== ACTION ITEM ==
Give a verbatim repeat of the lines that run from the line containing "2016 HYUNDAI Accent" to the end of the data below.

** DATA FOR REVIEW follows **

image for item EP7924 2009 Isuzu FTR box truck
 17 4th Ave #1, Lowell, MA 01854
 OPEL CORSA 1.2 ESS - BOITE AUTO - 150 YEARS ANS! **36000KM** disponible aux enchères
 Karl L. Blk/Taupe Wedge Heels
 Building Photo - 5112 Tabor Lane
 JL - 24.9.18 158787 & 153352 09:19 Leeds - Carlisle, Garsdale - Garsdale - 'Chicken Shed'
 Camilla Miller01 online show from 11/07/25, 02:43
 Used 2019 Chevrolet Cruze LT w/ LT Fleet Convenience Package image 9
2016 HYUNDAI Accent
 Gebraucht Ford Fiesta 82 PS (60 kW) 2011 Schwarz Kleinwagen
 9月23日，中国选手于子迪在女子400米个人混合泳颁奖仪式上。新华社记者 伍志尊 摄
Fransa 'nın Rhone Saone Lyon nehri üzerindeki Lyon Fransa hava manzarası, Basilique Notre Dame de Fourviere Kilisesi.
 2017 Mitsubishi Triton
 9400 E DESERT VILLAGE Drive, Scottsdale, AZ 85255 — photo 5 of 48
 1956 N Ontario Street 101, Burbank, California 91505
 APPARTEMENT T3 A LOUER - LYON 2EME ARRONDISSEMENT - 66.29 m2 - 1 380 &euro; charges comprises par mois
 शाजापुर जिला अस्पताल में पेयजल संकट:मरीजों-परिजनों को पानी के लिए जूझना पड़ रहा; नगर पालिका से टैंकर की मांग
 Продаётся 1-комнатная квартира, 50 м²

** End of DATA FOR REVIEW **

== OUTPUT BELOW ==
2016 HYUNDAI Accent
 Gebraucht Ford Fiesta 82 PS (60 kW) 2011 Schwarz Kleinwagen
 9月23日，中国选手于子迪在女子400米个人混合泳颁奖仪式上。新华社记者 伍志尊 摄
Fransa 'nın Rhone Saone Lyon nehri üzerindeki Lyon Fransa hava manzarası, Basilique Notre Dame de Fourviere Kilisesi.
 2017 Mitsubishi Triton
 9400 E DESERT VILLAGE Drive, Scottsdale, AZ 85255 — photo 5 of 48
 1956 N Ontario Street 101, Burbank, California 91505
 APPARTEMENT T3 A LOUER - LYON 2EME ARRONDISSEMENT - 66.29 m2 - 1 380 &euro; charges comprises par mois
 शाजापुर जिला अस्पताल में पेयजल संकट:मरीजों-परिजनों को पानी के लिए जूझना पड़ रहा; नगर पालिका से टैंकर की मांग
 Продаётся 1-комнатная квартира, 50 м²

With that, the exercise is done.